EXERCISE DATA:
========================================

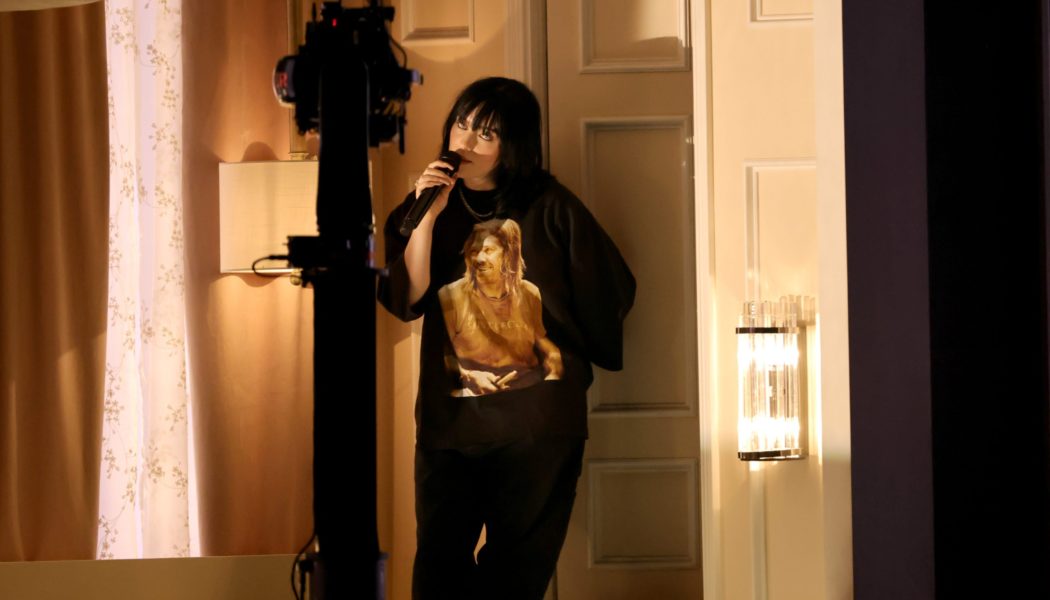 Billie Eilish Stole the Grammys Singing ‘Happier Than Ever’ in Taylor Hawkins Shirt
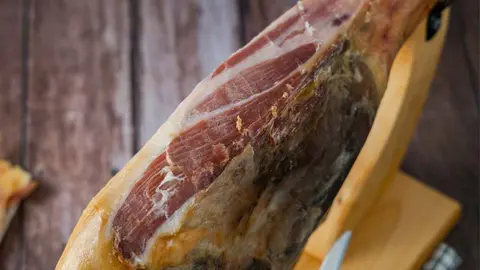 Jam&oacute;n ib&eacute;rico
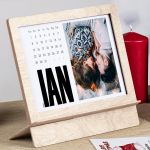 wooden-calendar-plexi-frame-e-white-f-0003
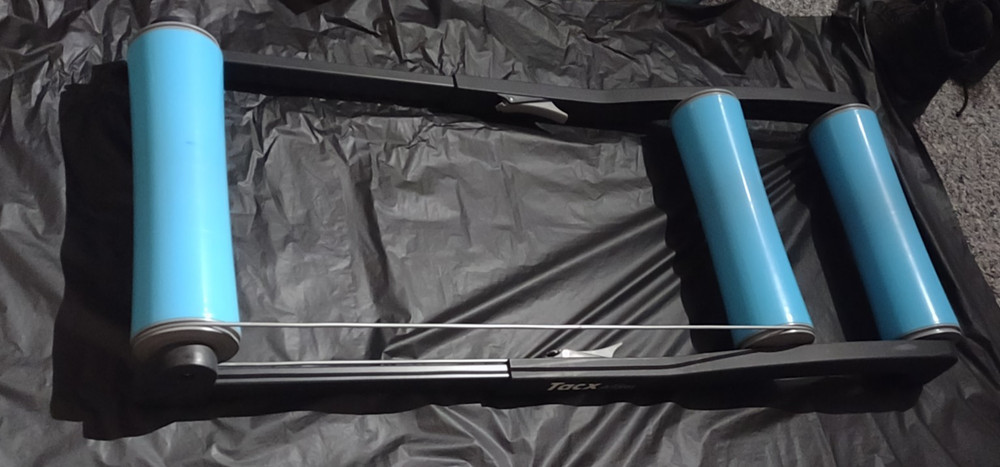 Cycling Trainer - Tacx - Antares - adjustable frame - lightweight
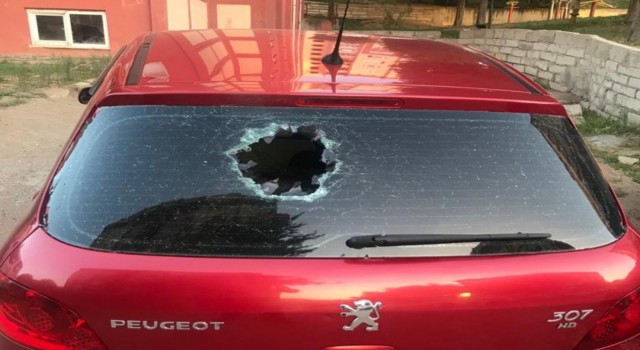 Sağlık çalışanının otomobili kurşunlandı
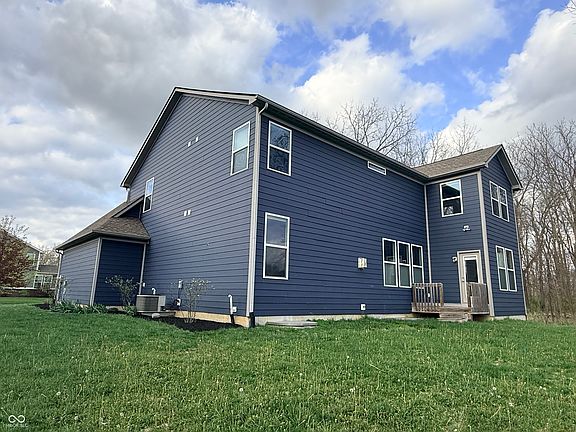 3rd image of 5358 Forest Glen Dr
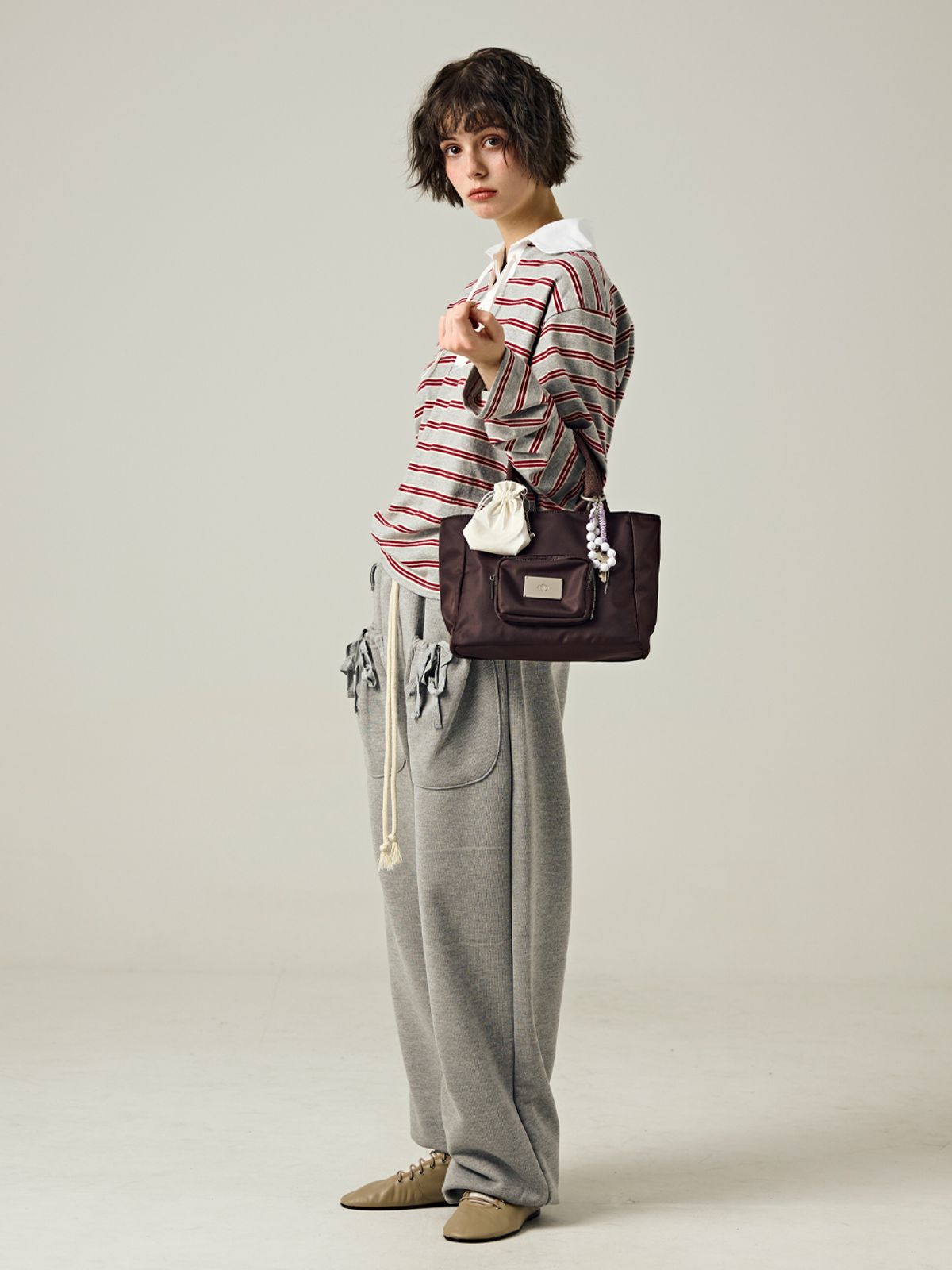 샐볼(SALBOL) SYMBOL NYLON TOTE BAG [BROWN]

========================================

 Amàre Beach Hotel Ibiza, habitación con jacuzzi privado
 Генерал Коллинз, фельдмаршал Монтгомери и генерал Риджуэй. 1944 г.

========================================

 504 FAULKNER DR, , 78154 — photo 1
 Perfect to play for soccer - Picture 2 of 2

========================================

Reproduce exactly the lines above starting at the line containing "Billie Eilish Stole" and ending at the line containing "샐볼(SALBOL) SYMBOL NYLON TOTE BAG [BROWN]", including both, but not the pictures.

 Billie Eilish Stole the Grammys Singing ‘Happier Than Ever’ in Taylor Hawkins Shirt
 Jam&oacute;n ib&eacute;rico
 wooden-calendar-plexi-frame-e-white-f-0003
 Cycling Trainer - Tacx - Antares - adjustable frame - lightweight
 Sağlık çalışanının otomobili kurşunlandı
 3rd image of 5358 Forest Glen Dr
 샐볼(SALBOL) SYMBOL NYLON TOTE BAG [BROWN]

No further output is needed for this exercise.